**Instructions for the task:** Start to finish, print the data below exactly, without the images.
=== Given material ===
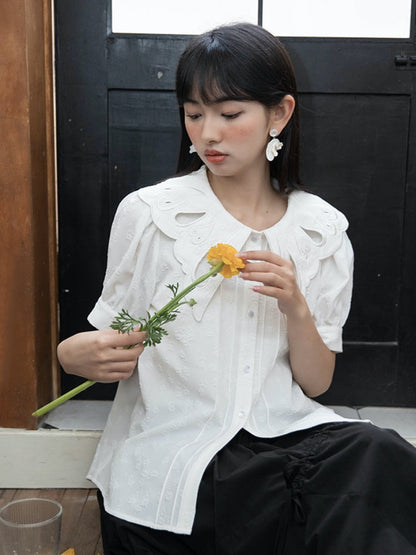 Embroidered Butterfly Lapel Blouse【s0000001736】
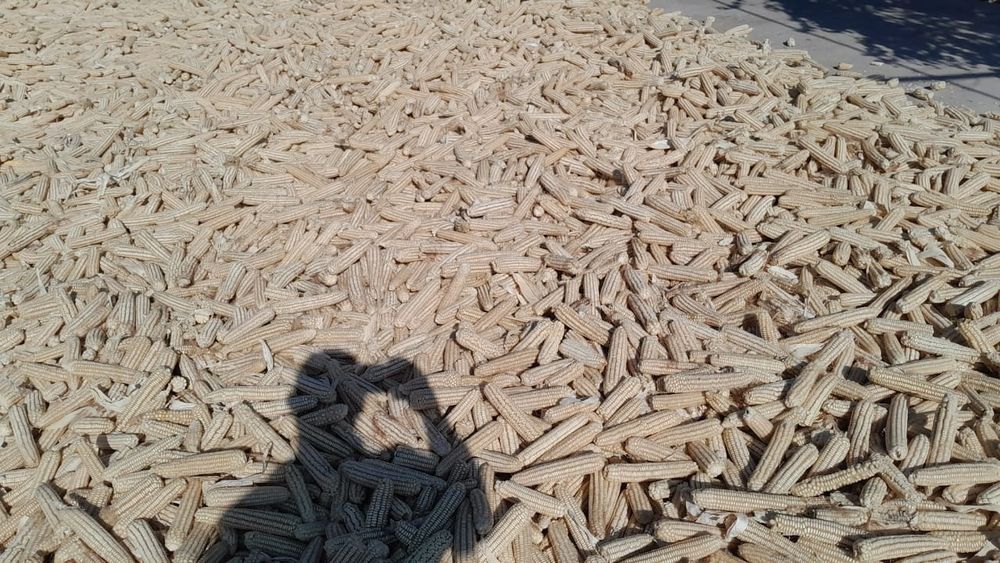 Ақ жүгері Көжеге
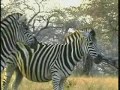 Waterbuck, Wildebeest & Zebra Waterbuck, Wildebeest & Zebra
===
**Exercise result:**
 Embroidered Butterfly Lapel Blouse【s0000001736】
 Ақ жүгері Көжеге
 Waterbuck, Wildebeest & Zebra Waterbuck, Wildebeest & Zebra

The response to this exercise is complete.